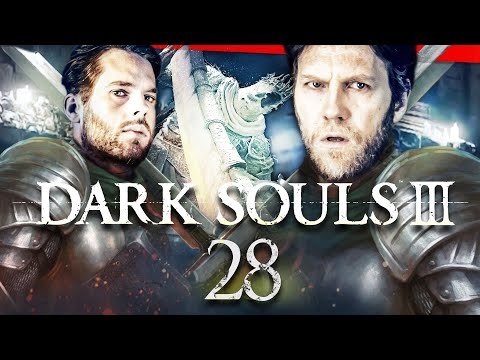 Gottloser Fight gegen Yhorm den Riesen | Dark Souls 3 mit Florentin & Nils #28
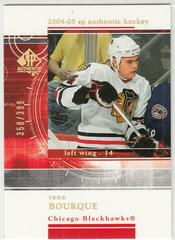 Rene Bourque #RR32 Hockey Cards 2004 SP Authentic Rookie Redemption Prices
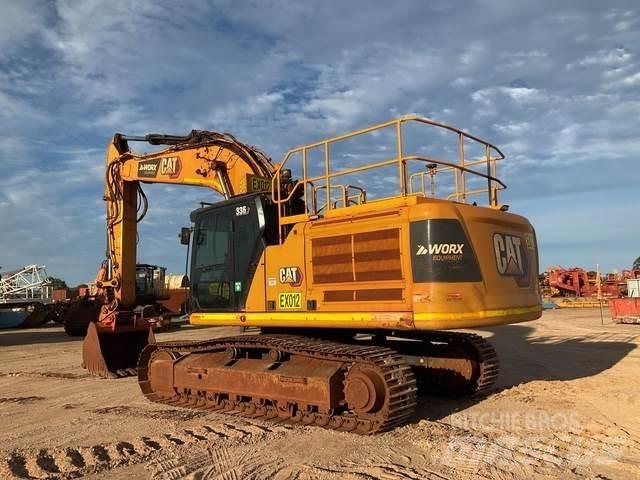 CAT 336 حفارات زحافة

Exercise description:
Exactly repeat the data above; the pictures do not belong in your copy.

Written response:
 Gottloser Fight gegen Yhorm den Riesen | Dark Souls 3 mit Florentin & Nils #28
 Rene Bourque #RR32 Hockey Cards 2004 SP Authentic Rookie Redemption Prices
 CAT 336 حفارات زحافة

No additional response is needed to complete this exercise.